## Task brief
Could you restate all of the records below exactly, with the pictures left out?

## Provided data
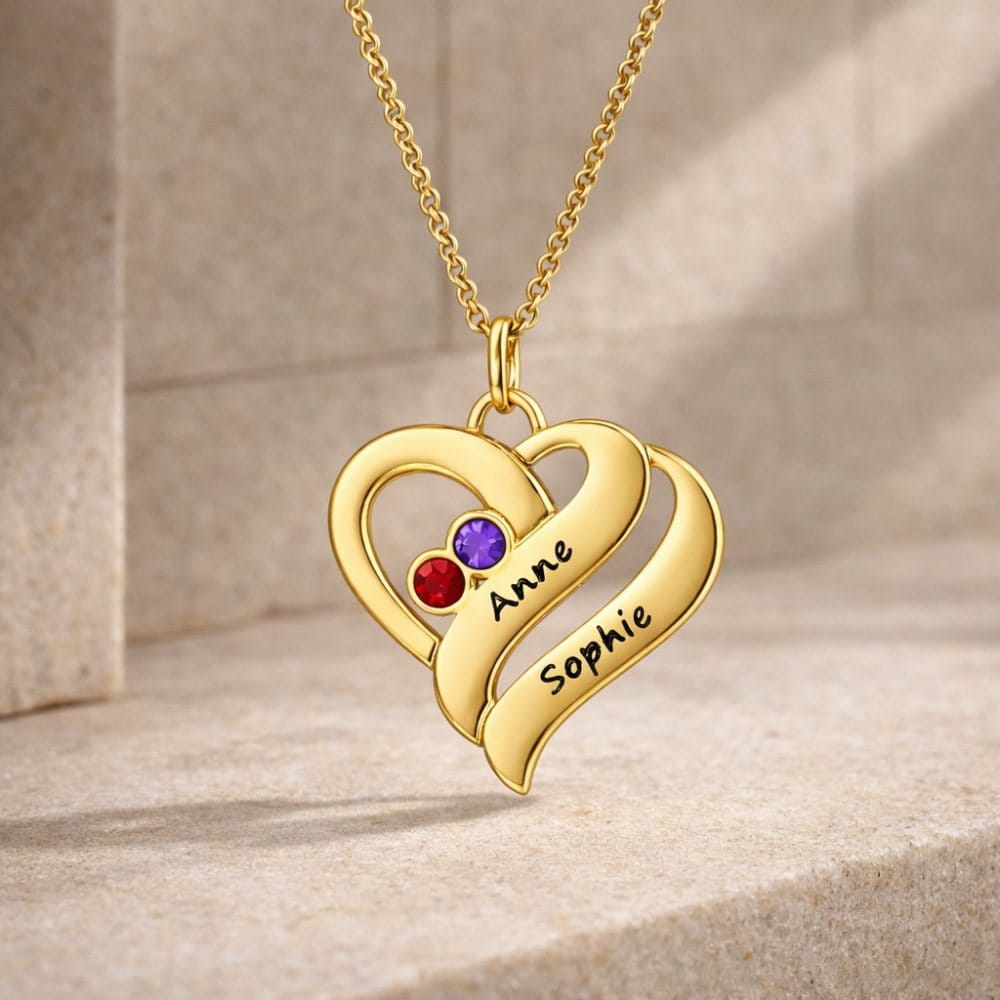 Collar con corazones unidos y piedras de nacimiento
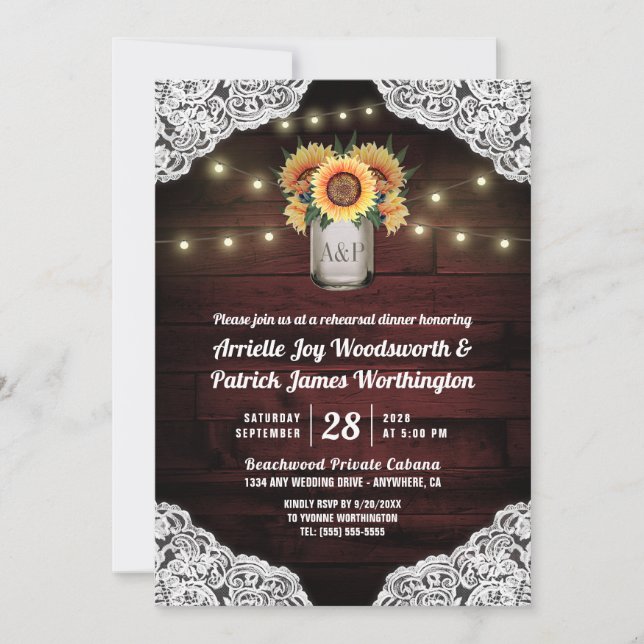 Sunflower Mason Jar Rehearsal Dinner Invitations (Front)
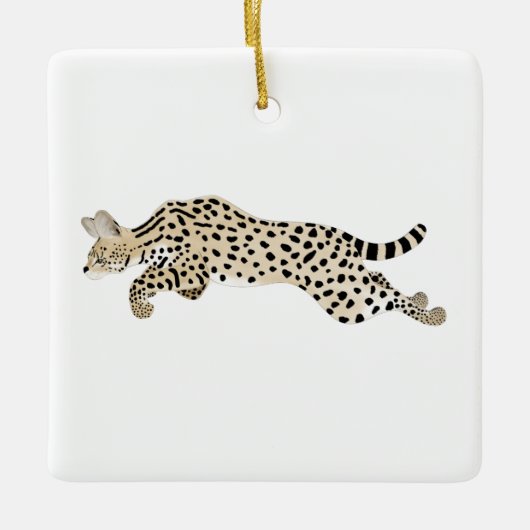 Serval Cat Keramik Ornament (Vorderseite)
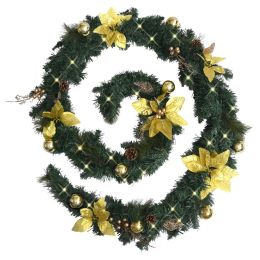 Christmas Garland with LED Lights Green 8.9' PVC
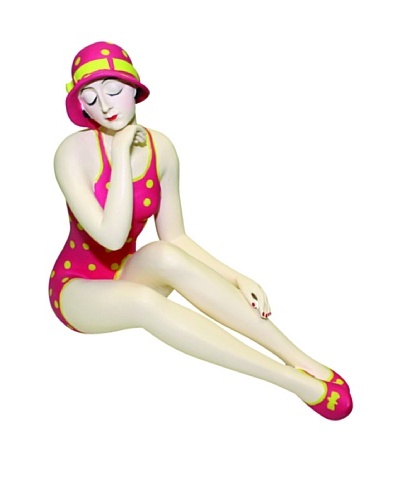 Medium Resin Beach Beauty in Bright Pink Polka Dot Swimsuit and Sun Hat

## Reply
 Collar con corazones unidos y piedras de nacimiento
 Sunflower Mason Jar Rehearsal Dinner Invitations (Front)
 Serval Cat Keramik Ornament (Vorderseite)
 Christmas Garland with LED Lights Green 8.9' PVC
 Medium Resin Beach Beauty in Bright Pink Polka Dot Swimsuit and Sun Hat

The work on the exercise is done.